Application of Graphene Quantom dot on determination of ِDoxorubicin on biological samples

Abstract

Introduction: Nowadays anticancer drugs which used as chemotherapy regimen for patients are become more useful. The development of an accurate and repeatable method for determination of these drugs, will improve our understanding of their role in the treatment process. One of the common methods of determining the trace amount of these drugs is electrochemical methods. According to the importance of these methods in the analysis of drugs, in the present study graphene quantum dots (GQDs) used as active ingredient in the preparation of electrochemical sensors. Application of prepared electrochemical sensor for the detection and quantification of doxorubicin in biological samples were studied. Aim: Developing an electrochemical sensor based on graphene quantum dots and its application for the detection and determination of doxorubicin (DOX) in biological samples. Methods: In this study, GQDs were synthesized by pyrolyzing citric acid in alkaline solution.The UV–Vis spectroscopy, X-ray diffraction (XRD), transition electron microscopy (TEM), Fourier transform infrared (Ft-IR) spectroscopy, Atomic force microscopy (AFM) and cyclic and differential pulse voltammetric techniques were used for characterizing synthesized GQDs.

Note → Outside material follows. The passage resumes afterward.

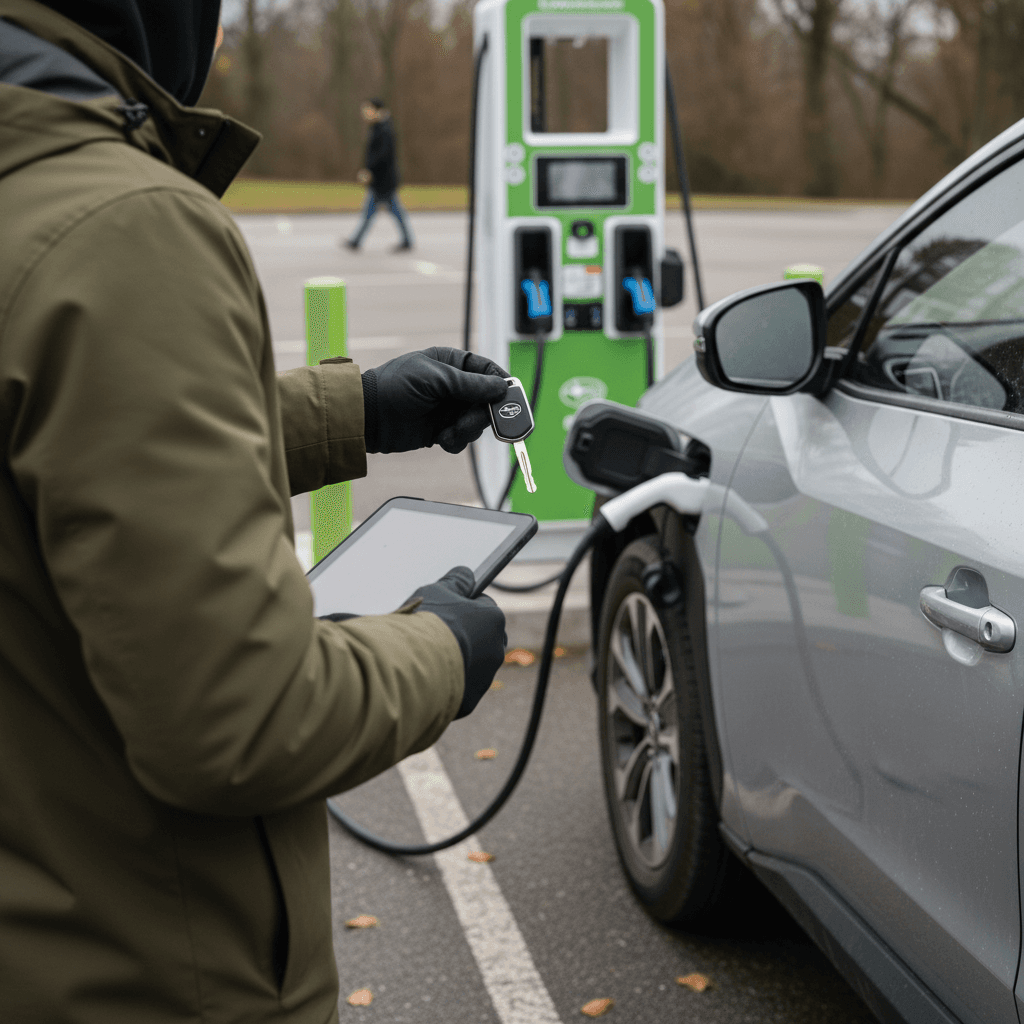 Subaru Solterra owner completing a used EV inspection with buyer near a charging station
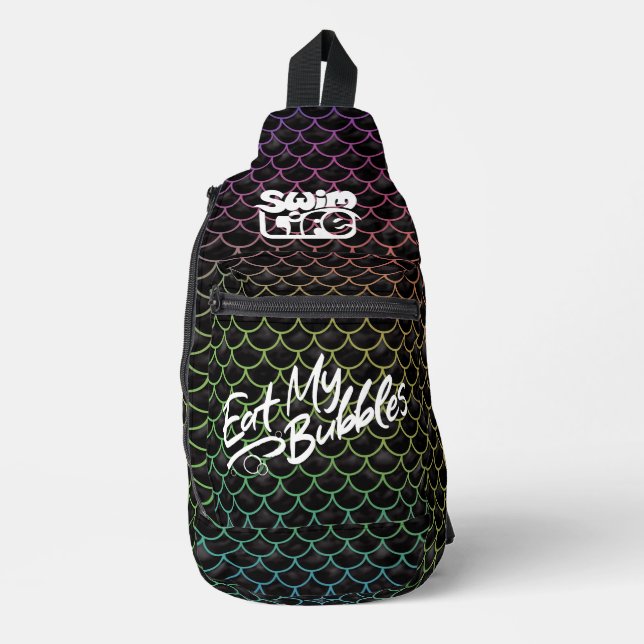 "Eat My Bubbles" Black/Rainbow scales Swim Life Sling Bag (Front)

The electrochemical behavior of GQD modified glassy carbon electrode (GQD-GCE) was studied using cyclic voltammetry (CV) technique. The electrochemical behavior of DOX was investigated at the GQD-GCE in phosphate buffer solution (PBS), using differential pulse voltammetry technique (DPV). Results and Conclusion: electrochemical behavior GQD-GCE was studied using CV and DPV. DPV was used to evaluate the analytical performance of DOX in the presence of PBS (pH 4) and good limit of detection was obtained by proposed sensor. The results revealed that GQD promotes the rate of oxidation by increasing the peak current. Finally, the applicability of the proposed method was described to the direct assays of spiked human plasma.